There are two bills racing through Congress that would undermine your right to free expression online and threaten the online communities that we all rely on. The Stop Enabling Sex Traffickers Act (SESTA, S. 1693) and the Allow States and Victims to Fight Online Sex Trafficking Act (FOSTA, H.R. 1865) might sound noble, but they would do nothing to fight sex traffickers. What they would do is force online web platforms to police their users’ activity much more stringently than ever before, silencing a lot of innocent voices in the process.
We’ve already written extensively about SESTA and the dangers it would pose to online communities, but as the House of Representatives considers moving on FOSTA, it’s time to reiterate that all of the major flaws in SESTA are in FOSTA too.

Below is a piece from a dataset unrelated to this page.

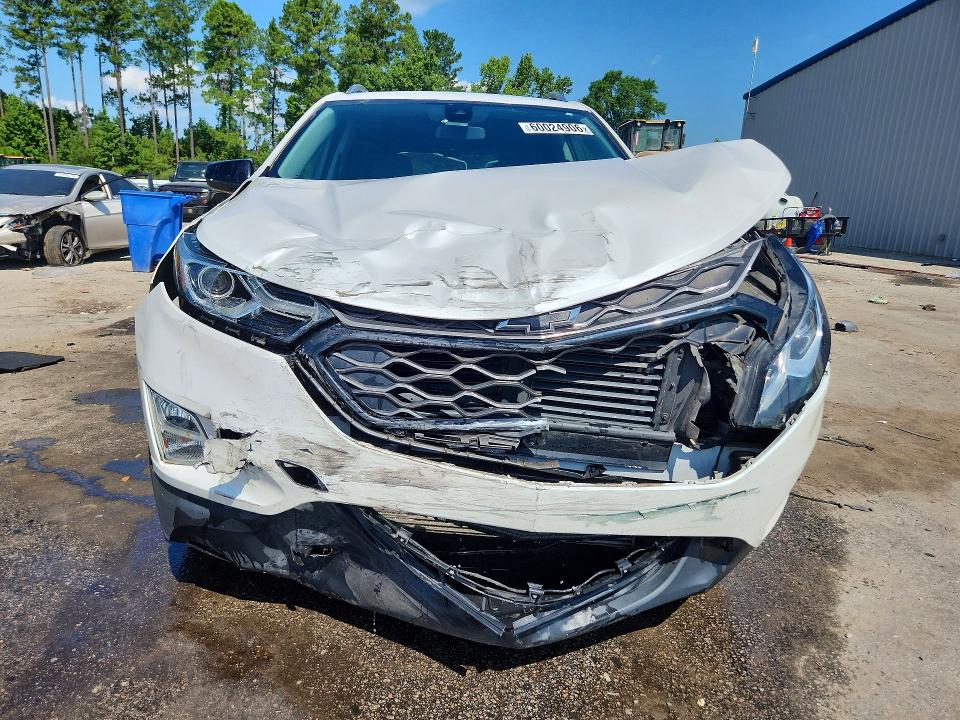 Aukcja sprzedaży 2020 Chevrolet Equinox, vin: 2GNAXLEX3L6104606, numer aukcji: 60024906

Section 230 Protects Online Communities. Don’t Weaken It.
Like SESTA, FOSTA would erode a law referred to as Section 230. Passed in 1996, Section 230 says that online platforms can’t be held liable for their users’ speech, except in certain circumstances. Without Section 230, it would be extremely risky to host other people’s speech online: one lawsuit could destroy your company. Most social media sites wouldn’t exist, or they’d look very different from the ones we enjoy today.
Section 230 strikes an important balance for when and how online platforms can be held liable for their users’ speech. Contrary to SESTA’s supporters’ claims, Section 230 does nothing to protect platforms that are directly involved with breaking federal criminal law. If an Internet company is directly contributing to unlawful…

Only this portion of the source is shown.